The cyclone – the equivalent of hurricanes in the Atlantic or typhoons in the west Pacific – made landfall in southern Bangladesh late on Monday but authorities managed to get about a million people to safety before the monster weather system hit.
Heavy rains hit most of the country, flooding cities such as the capital, Dhaka, Khulna, and Barisal – which witnessed 324 millimeters (13 inches) of rainfall on Monday.
The cyclone moved in from the Bay of Bengal early on Monday with winds gusting up to 88 kilometers per hour (55mph) and a storm surge of about three meters (10ft) that inundated low-lying coastal areas.
People evacuated from low-lying regions such as remote islands and river banks and were moved to thousands of multi-story cyclone shelters, Bangladesh's disaster management ministry secretary Kamrul Ahsan said.
"They spent the night in cyclone shelters. And this morning many are heading back to their homes," he was quoted as saying by AFP.
The authorities also announced that power and telephone links have been largely cut and coastal areas have plunged into darkness.
No major damage was, however, reported in refugee camps in southeast Bangladesh, where more than a million Rohingya Muslim refugees from neighboring Myanmar are living in crowded shelters.
About 33,000 Rohingya refugees from Myanmar, controversially relocated from the mainland to a storm-prone island in the Bay of Bengal, were ordered to stay indoors. Rights groups have urged Bangladesh to bring the refugees to the mainland, but authorities say the storm shelters are safe.

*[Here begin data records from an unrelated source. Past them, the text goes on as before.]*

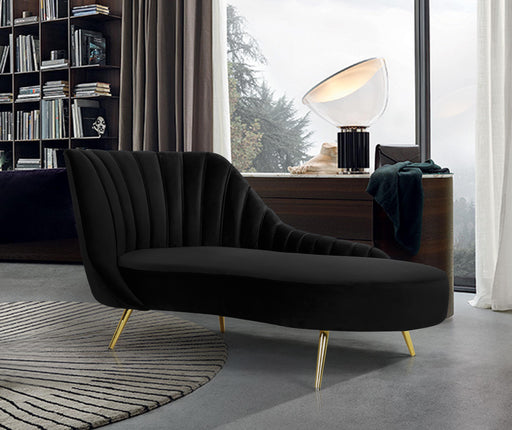 Margo Black Velvet Chaise - Furniture Stars (Chicago, IL)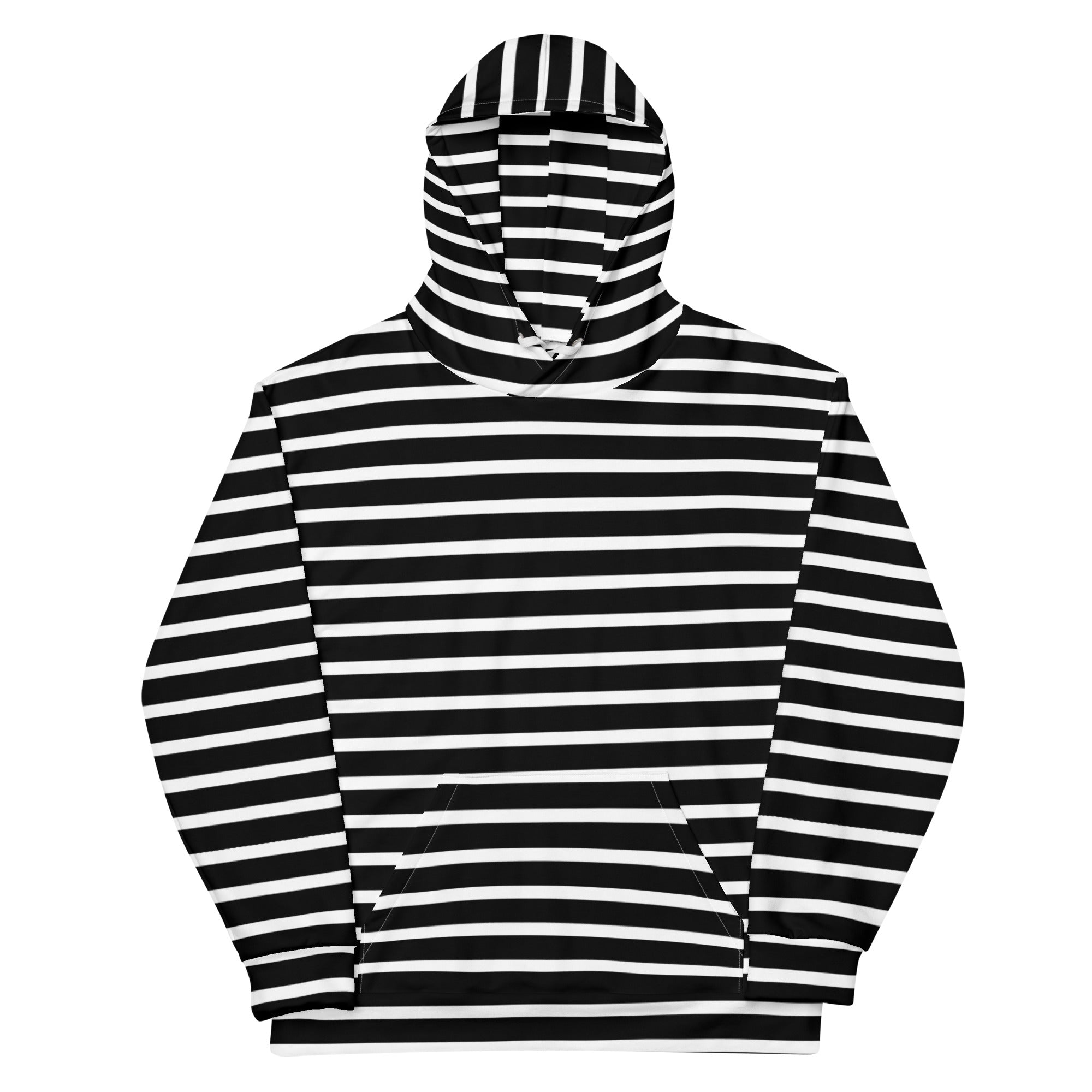 Unisex Hoodie White and Black Striped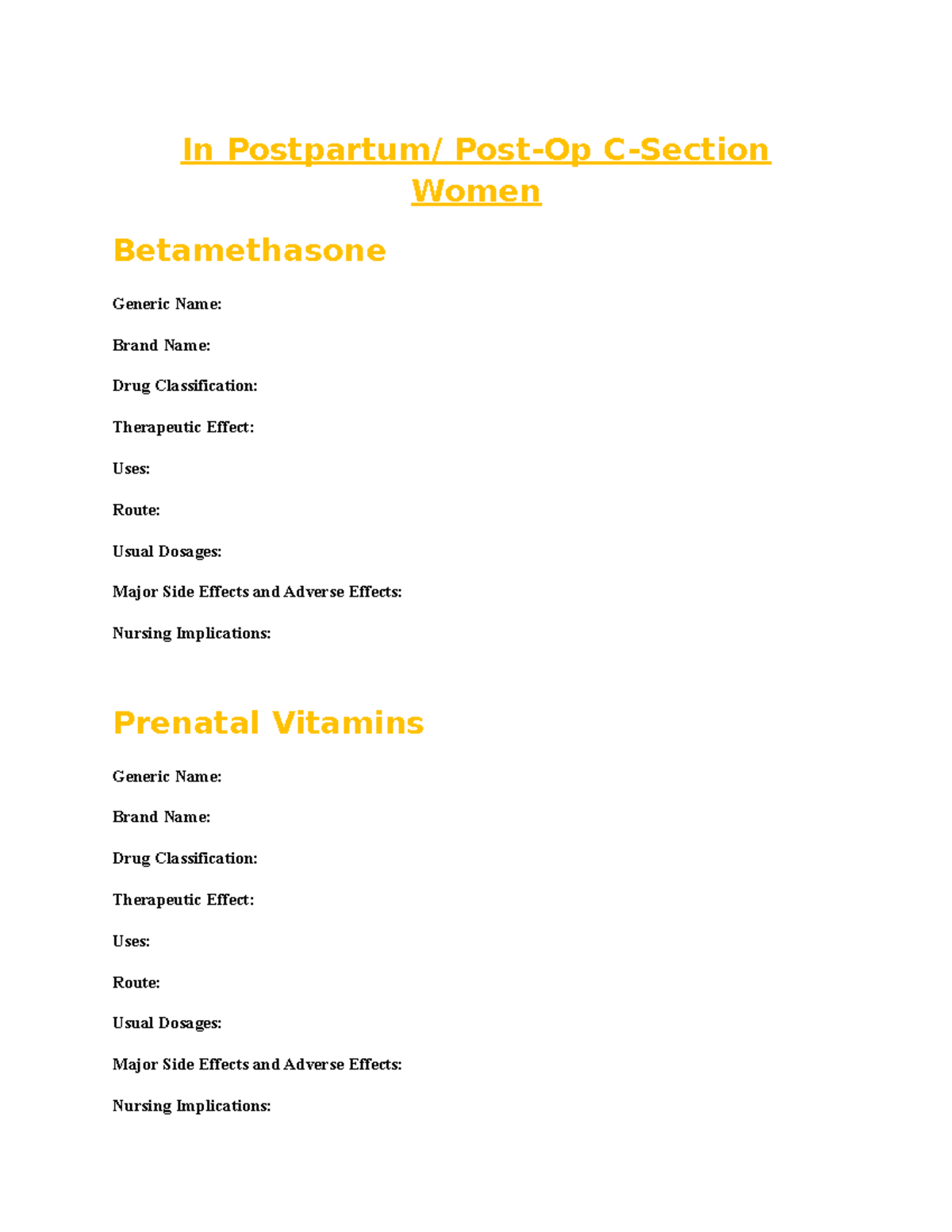 OB Med List - This is a "fill it in on your own" sheet. This sheet ...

In the neighboring eastern Indian state of West Bengal, thousands of people were evacuated on Monday to more than 100 relief centers, officials said, but there were no reports of damage and people were returning home on Tuesday.
Cyclone Amphan, the second “super cyclone” ever recorded over the Bay of Bengal, which hit in 2020, killed more than 100 people in Bangladesh and India and affected millions.
Last year, more than a million people were evacuated along India's east coast before Cyclone Yaas battered the area with winds gusting up to 155 kilometers (96 miles) an hour -- equivalent to a Category 2 hurricane. The worst recorded, in 1970, killed hundreds of thousands of people.
In recent years, better forecasting and more effective evacuation planning have dramatically reduced the number of casualties from these storms.
A World Bank Institute study in 2015 estimated that some 3.5 million people in Bangladesh were at risk of river flooding every year.